Remembering the Night of Hurricane Sandy
Superstorm Sandy left the Jersey Shore in shambles five years ago and made what we do on the radio every day more important than ever. The days following Sandy are some of my proudest on air.
My goal when you listen to my show is to entertain you. I want to take your mind off work, even life, and help you enjoy (or better tolerate) the ride home. It can be as simple as playing a song you like to a round of The Nearly Impossible Question. Ultimately, if I can get you to crack a smile or chuckle on the way home...my job is complete. Five years ago, everything changed.
The Point's new studios were in the process of being built when Sandy hit and we sharing a facility (a small shack in the woods) with three other radio stations. Things were a bit chaotic already.

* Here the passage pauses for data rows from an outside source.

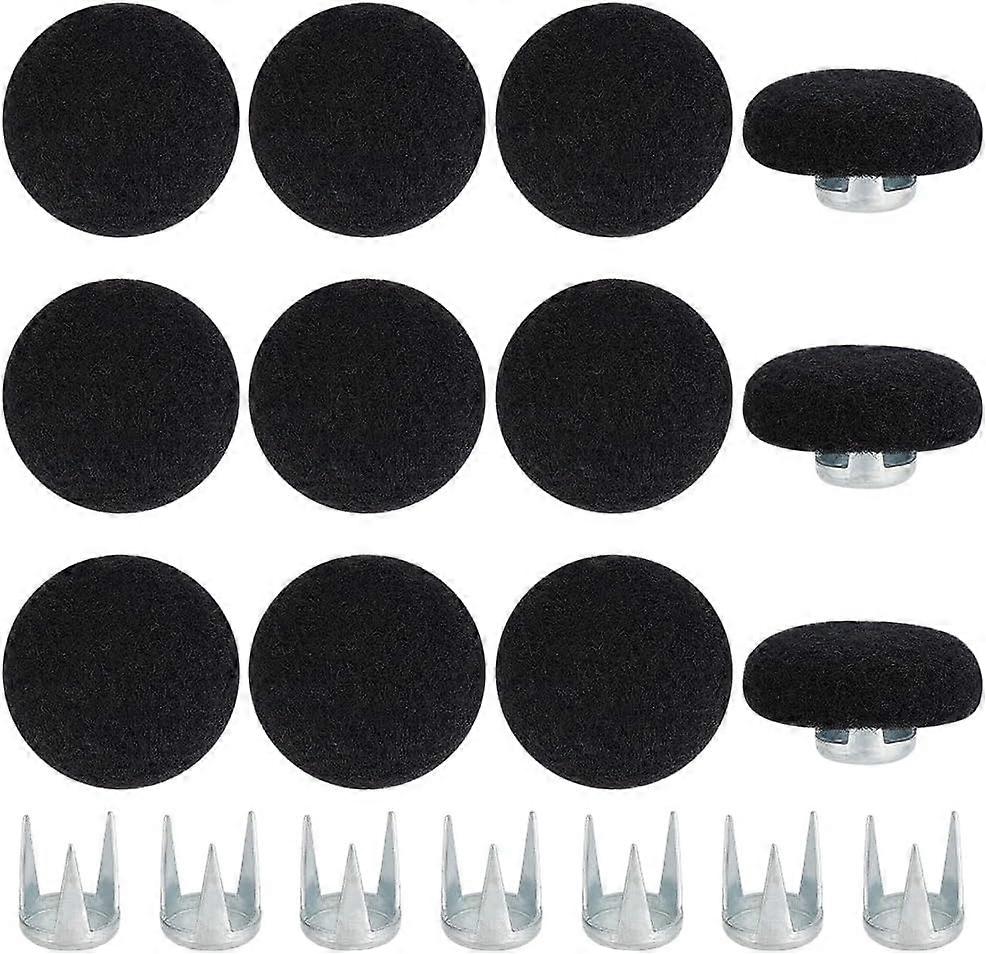 12 Pcs Baseball Cap Button 0.75 Inch Black Felt Hat Snap Button Replacement for Hat Repair Making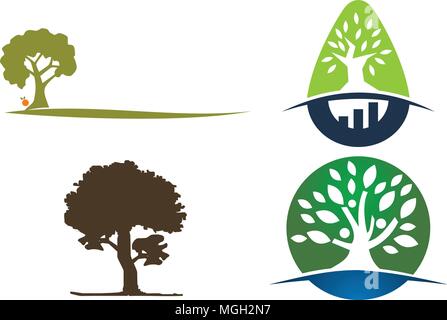 Oak Tree Template Set Stock Vector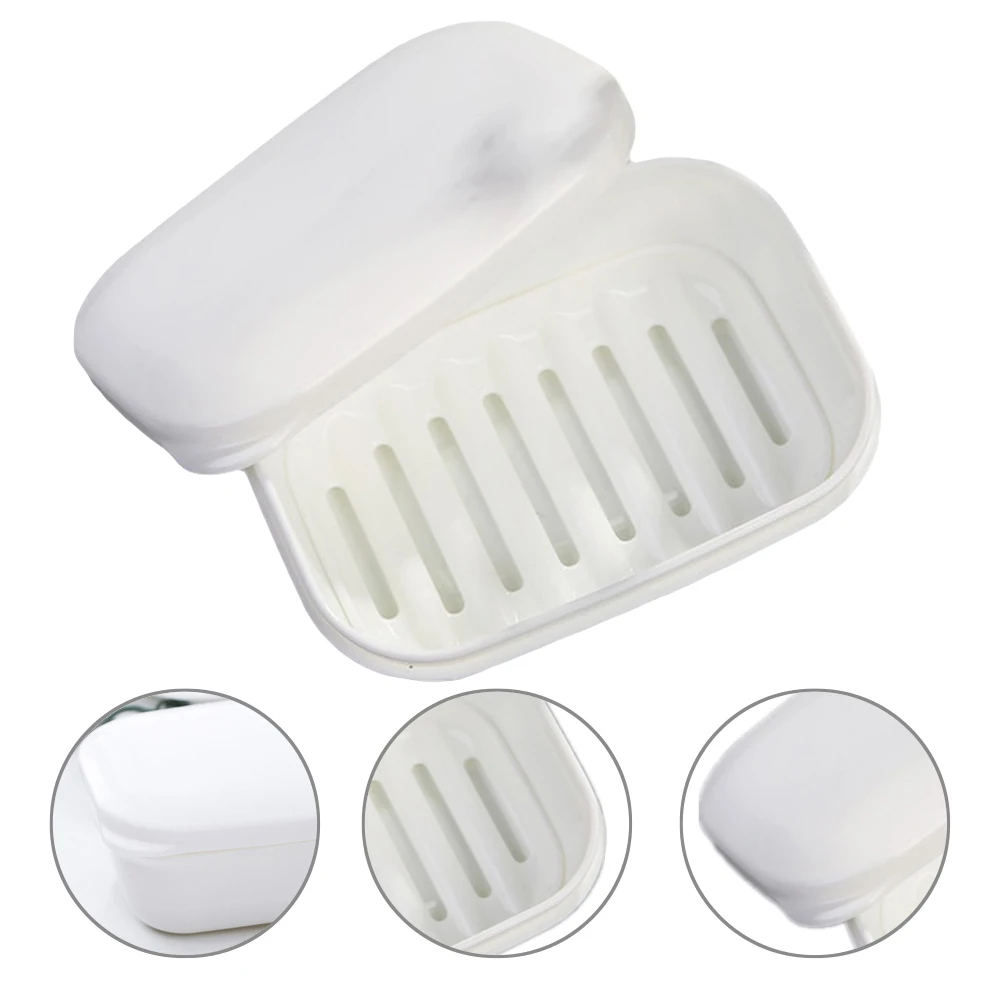 

2 Pcs Soap Storage Box Container Self Draining Holder with Cover Self-draining Dish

Just about everyone at The Point was watching the forecast closely. We were doing our best to pass along information and not panic people. From the get-go, the forecast didn't look good. But none of us knew just how bad it was going to be.

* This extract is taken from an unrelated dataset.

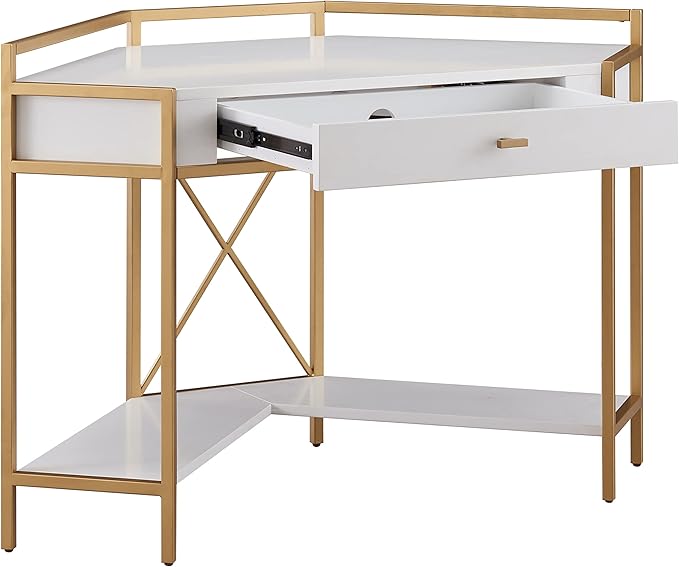 Leick Home 9230-WTGL Claudette Mixed Metal and Wood Desk, 48" W, White/gold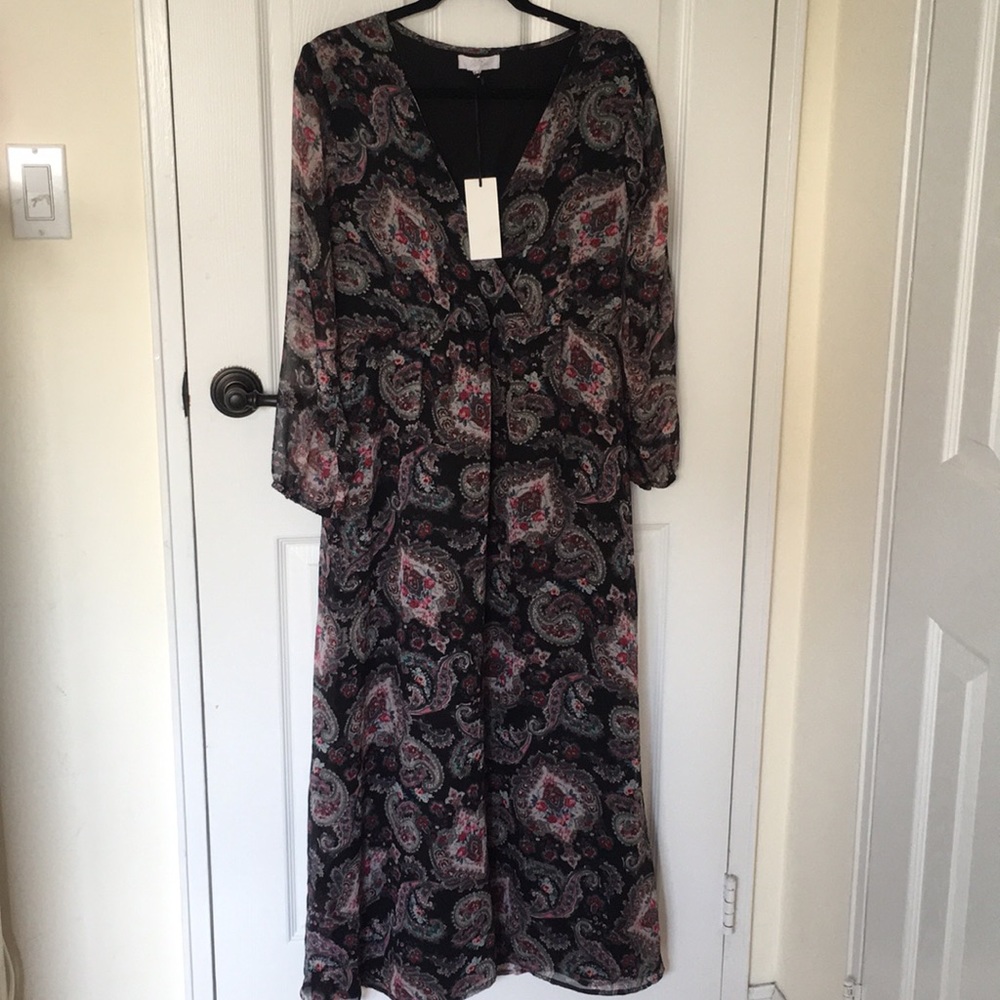 Paisley Print Crossover Maxi Dress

Most of the air staff decided to stay at the station overnight. Space was tight, to say the least. I ended up sleeping on the desk in my office. Laurie Cataldo slept on the other side of my desk and our friend Andy Chase from our sister station 105.7 The Hawk slept in a chair in the office.
None of us got much sleep as the howling wind going through the radio tower right outside our window was loud and a little troubling.
Lou stayed on the air overnight. As the rest of us awoke at about 3 a.m. it became clear that the situation was far worse than any of us could have imagined. Much of our audience was left without power and battery operated radios we were the only medium available to them.
There was no playbook for how to handle a disaster like this on the radio. We decided to throw out the "radio rulebook," deliver information as best as possible and speak from the heart. I distinctly remember being on the radio with Laurie Cataldo as we took calls from listeners who were in desperate need of water, ice, electricity, and gas. Others would instantly call in with real-time information on where to get resources.
For the two weeks that followed, we continued to be a continuous information hub for Monmouth and Ocean counties. Many of you said we became like family to you because all you had was your radio.
I can't tell you how proud I am of being a part of this radio station during that awful time five years ago. It will probably be the most meaningful broadcasting I will ever do.
A few days after Sandy, a respected member of the radio biz, Sean Ross, wrote an article about our coverage and titled his piece perfectly. "Great Radio You Wish To Never Hear." Here's what Sean said:
In about 90 minutes of listening, I heard:
• Afternoon host Matt Ryan telling a caller, "I think 'Extreme Makeover' should spend the next six months at the Jersey Shore."
• A listener promo that began, "Thank God for my C batteries keeping the station going," and ending with the declaration, "This is our home, this is our station."
• Matt Ryan giving the station number, but not for requests. "That number has been a lifeline for many . . . reach out for whatever you need."
Some continue to rebuild and deal with the fallout of Sandy. Just like we were five years ago, we're here for you now. Thanks for listening.